PROBLEM REQUIREMENTS | Repeat the records exactly, minus the pictures.

═══ SUPPLIED DATA ═══

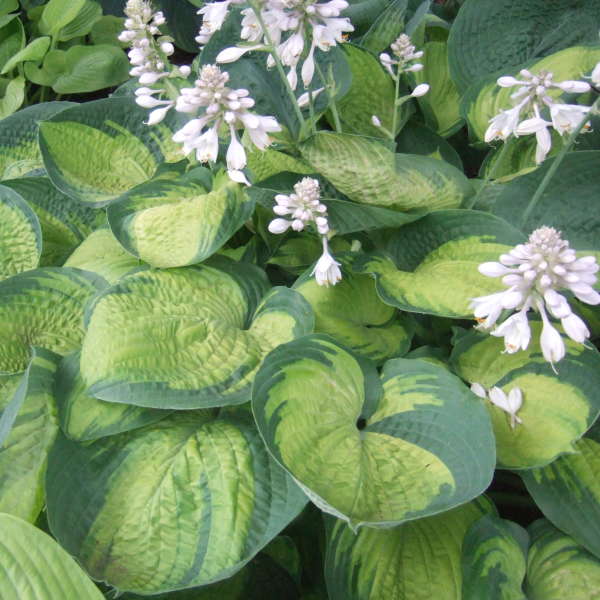 Hosta 'Paradigm'  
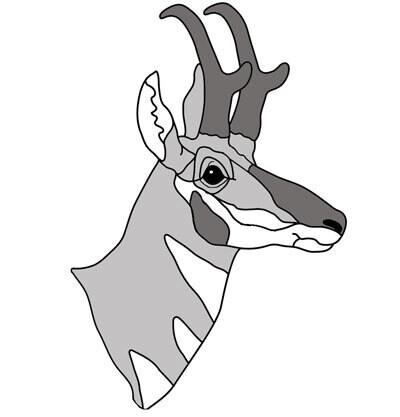 Pronghorn Head #2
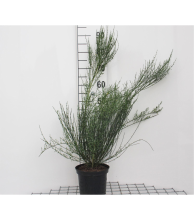 Planten Cytisus 'Zeelandia'   pot   40 60 cm  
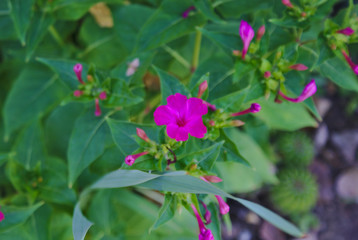 fiori Bella di notte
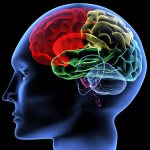 Функции коры головного мозга — в чем они заключаются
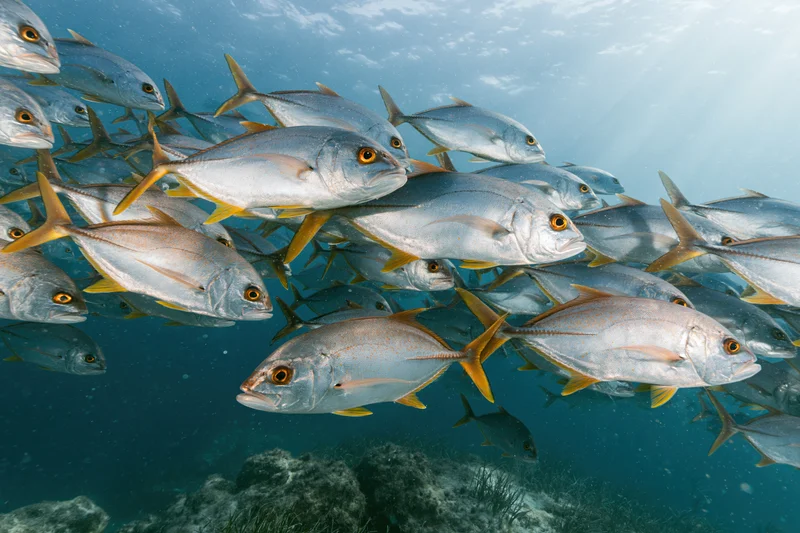Large school of jack fish swimming in tight formation underwater near coral reef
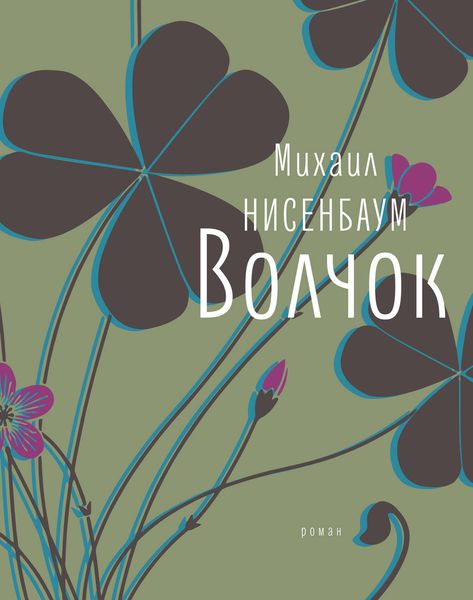 Обложка книги  «Волчок»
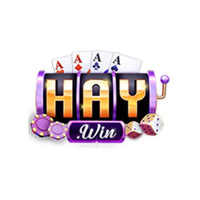 HAYWIN 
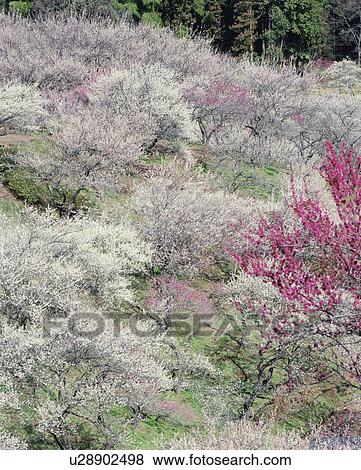 Stock Photo - Plum Grove. Fotosearch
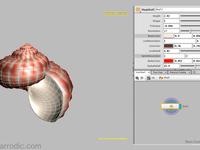 Procedural Shell Demo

═══

EXERCISE OUTPUT |
 Hosta 'Paradigm'  
 Pronghorn Head #2
 Planten Cytisus 'Zeelandia'   pot   40 60 cm  
 fiori Bella di notte
 Функции коры головного мозга — в чем они заключаются
Large school of jack fish swimming in tight formation underwater near coral reef
 Обложка книги  «Волчок»
 HAYWIN 
 Stock Photo - Plum Grove. Fotosearch
 Procedural Shell Demo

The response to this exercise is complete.